The Hajj is now reportedly attended by 6 million people a year. More simply won’t fit anyway and each year there are nasty accidents from overcrowding. So 6 million is what we can call the viable run rate. There are currently 1,600 million Muslims in the world, and somehow this number is obligated to go, sometime in the next 80 years if that’s the life expectancy (by which the Muslim population might be far far higher) so if we divide 1600 million by 80 we get 20 million. That’s the number that has to be going every year.
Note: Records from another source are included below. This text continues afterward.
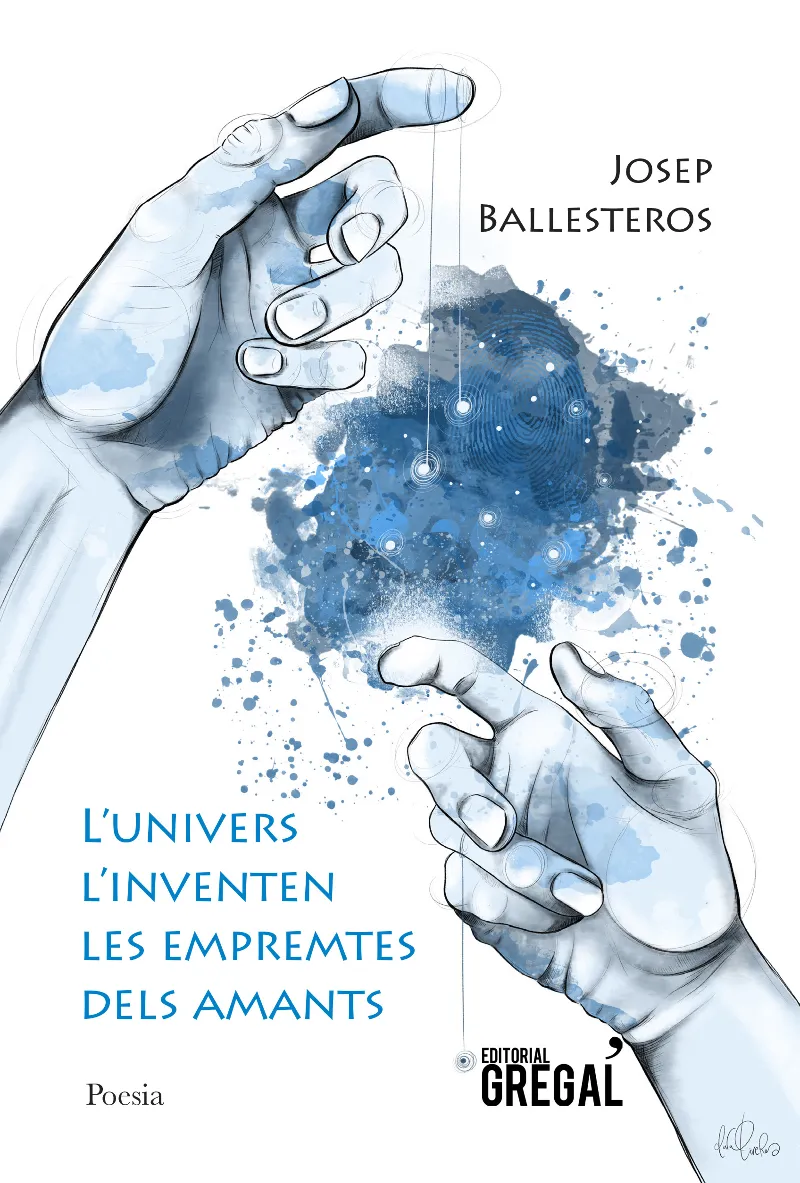 UNIVERS L'INVENTEN LES EMPREMTES DELS AMANTS, L'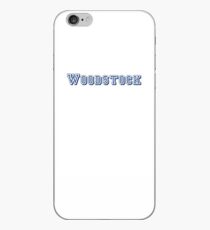 Woodstock iPhone Case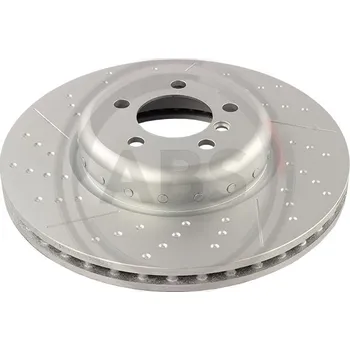 Brzdový kotouč Brzdový kotouč A.B.S. 18678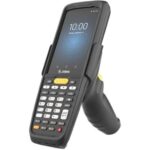 Zebra MC2700 Mobile Computer – 1D, 2D – 4G, 4G LTE – SE4100Scan EngineSnapdragon 1.80 GHz – 2 GB RAM – 16 GB Flash – 4″ WVGA Touchscreen – LED – Function Numeric Keyboard – Android 10 Upgradable to Android 14 – Wireless LAN – Bluetooth – Battery Included – IP65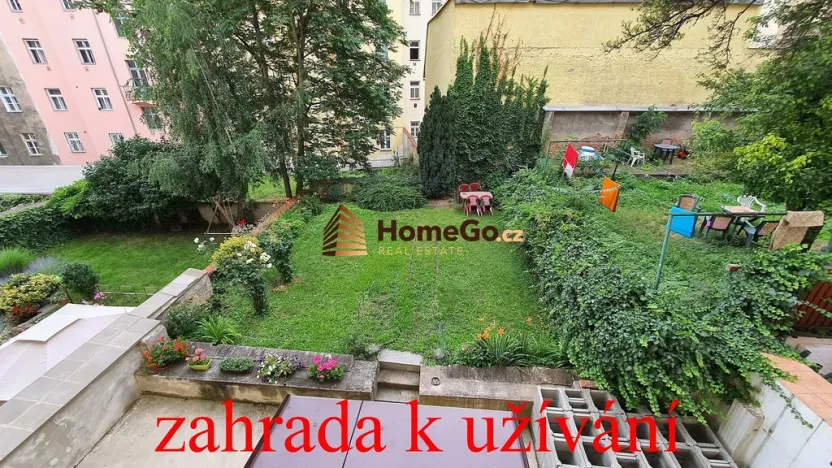 Pronájem bytu 1+kk, Praha - Vršovice, Sevastopolská, 18 m2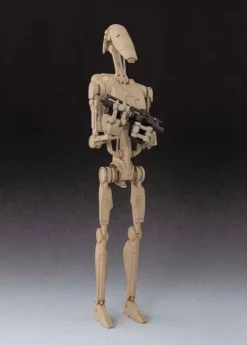 BANDAI S.H.Figuarts Star Wars Episode I Battle Droid Action Figure JAPAN
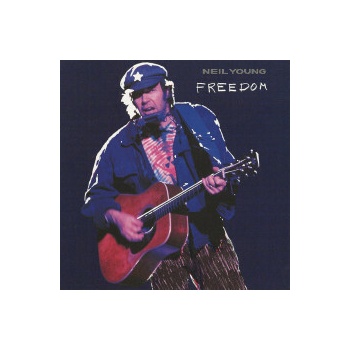Young Neil: Freedom CD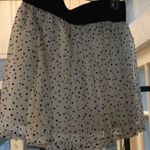 skirt w/ tutu Black Size undefined Photo 0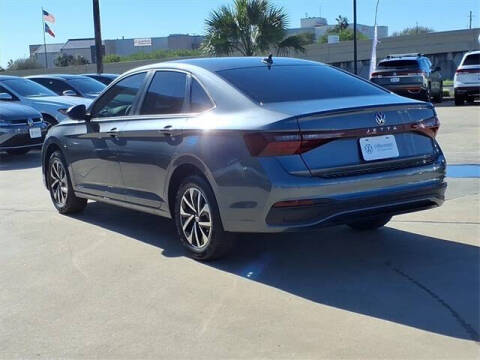 2026 Volkswagen Jetta S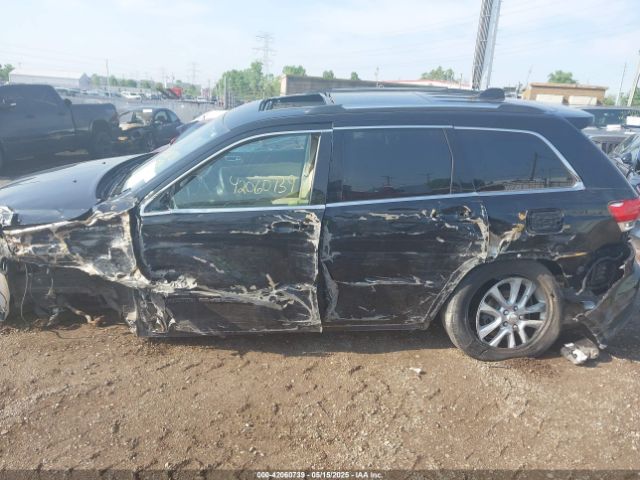 1C4RJFBT9HC735892 Jeep Grand Cherokee Limited 4x4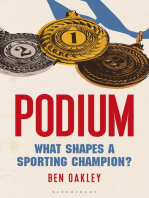 Podium: What Shapes a Sporting Champion?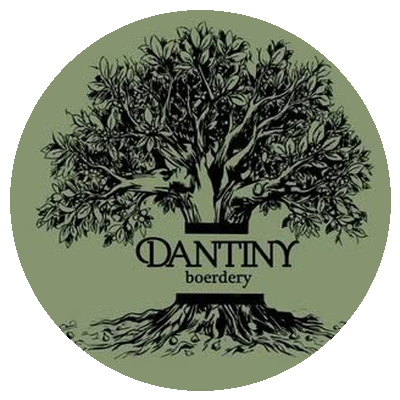 Dantiny Boerdery logo
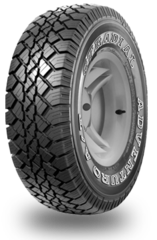 Riepa 266/75R15 GT RADIAL ADVENTURO A/T 109S FE72dB  noise grade 2    4x4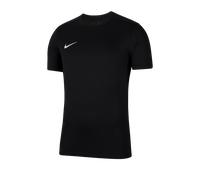 Maillot à manches courtes Nike Park VII noir F010 S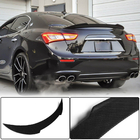 Maserati Ghibli 2013-2023 Spoiler V3 (Carbon) photo 1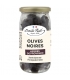 Schwarze BIO-Oliven mit Kräutern der Provence - 250g - Emile Noël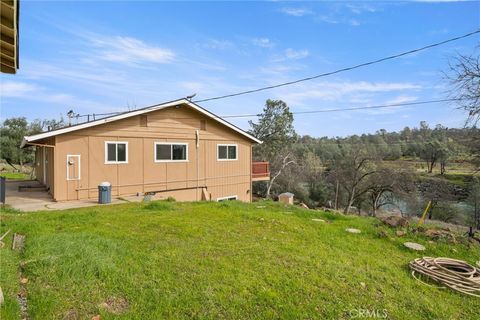 A home in Oroville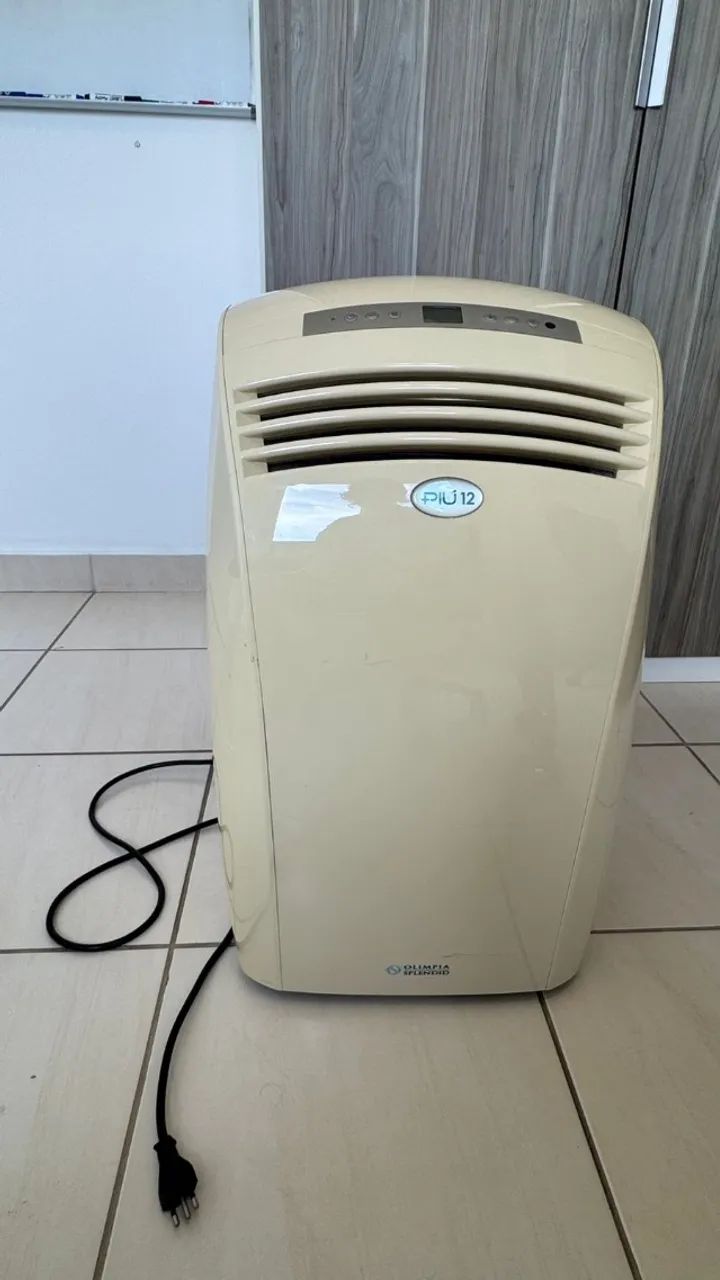 Ar condicionado portátil Piú 12 - Foto 2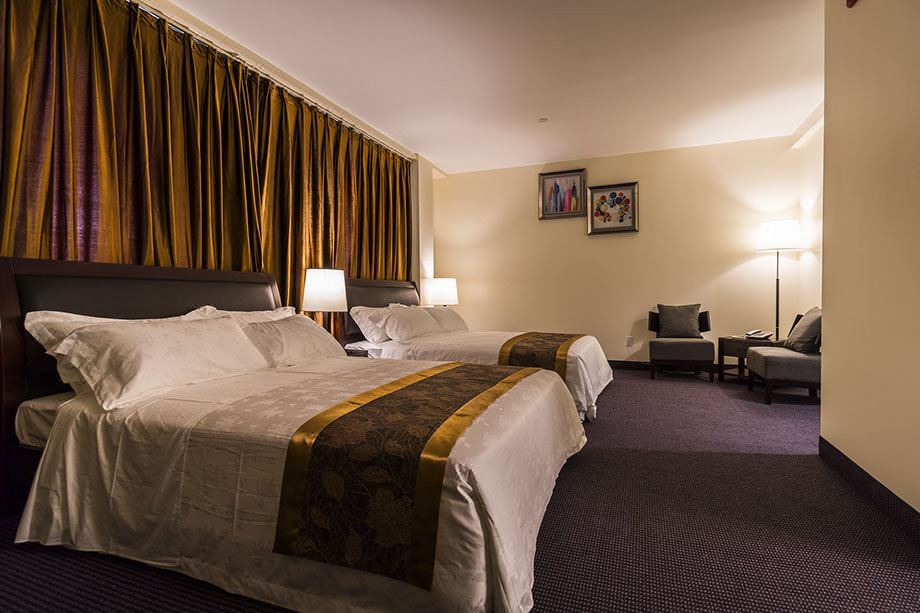 Photo of Bedroom in Flushing Chinatown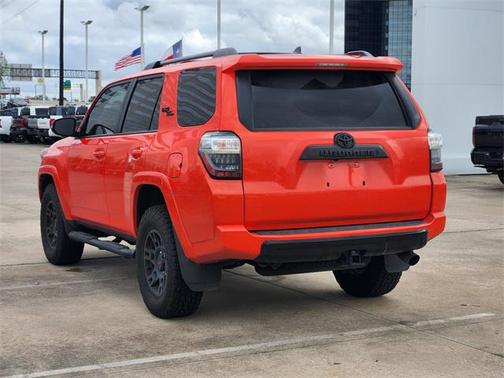 2024 Toyota 4Runner TRD Off Road Premium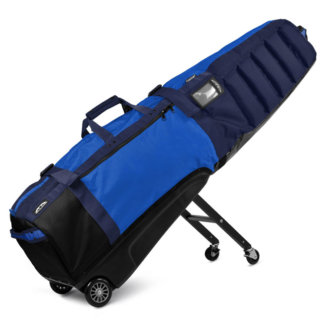 Sun Mountain Meridian Glider Golf Travel Cover Navy/Colbalt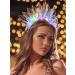 EARENT Light Up Headband | LED Glow Hair Hoop for Women and Girls - Perfect for Rave, Nightclub, Costume Party - Buy Online on SooperMarket.com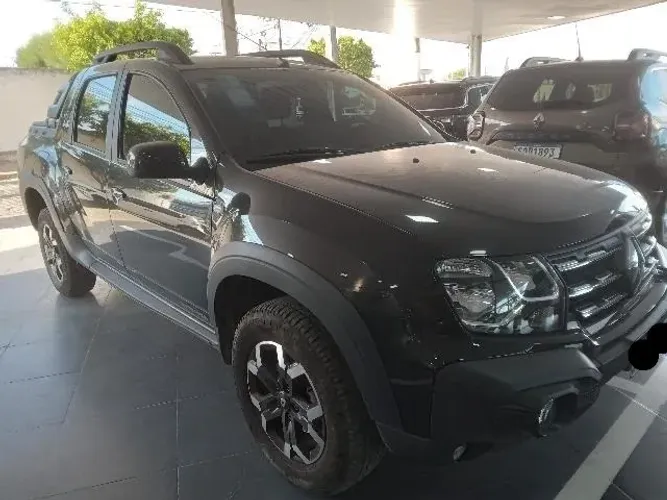 Renault Duster Oroch Outsider 1.3tce Flex Aut. 2025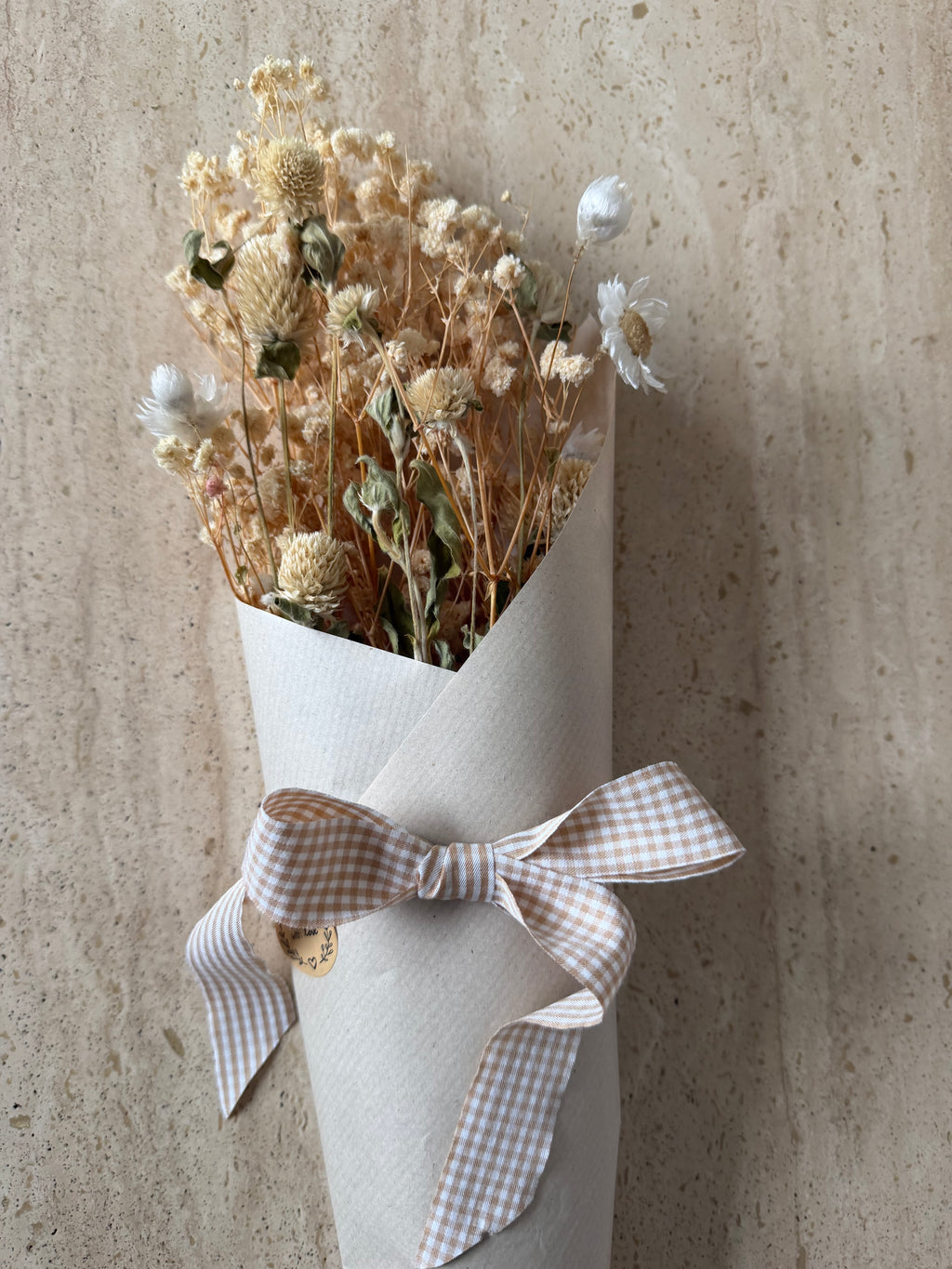 Dried Flowers Bouquet (sample 2)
The people excused for sickness are offset by the number who go more than once – there are those who have been many, many times.
This means evidently that the religion is man-made, as a real God would realise that the observance required was not mathematically feasable and only putting lives at risk. I don’t see such requirements in Judaism or Christianity. It is similar to the requirement in Buddhism for chastity and monastic living, which if it were taken seriously by everyone who calls himself a Buddhist would mean that Buddhism would have died out centuries ago from the lack of offspring, instead of being observed most in countries with the most pressing population issues.
So if Muslims are not even taking their own five pillars seriously, I fail to see why examining boards in Christian countries need to bend over backwards with a scimitar at their throat in orange jumpsuits to accommodate them.
Comments are open, and any Muslim who feels like doing his own bit of jihad in blasting what I just said is welcome to comment. Commenting certainly beats chopping off heads which is what seems to be the main line of argument in use by our Muslim friends today. You can say what you like, I am only cutting spam in this site. Commentators are allowed a very broad leeway as they also are on the Facebook group I moderate which is “Polyglots No Holds Barred”.
I cannot comment on the Telegraph any more, as they rapidly closed their comments section – they are always uneasy on that site about giving people too much say, and only a small minority of articles on this topic have any response at all at what there is is heavily moderated. One could still vote in the poll and 88% were against the proposals of changing the exam schedule for Ramadhan.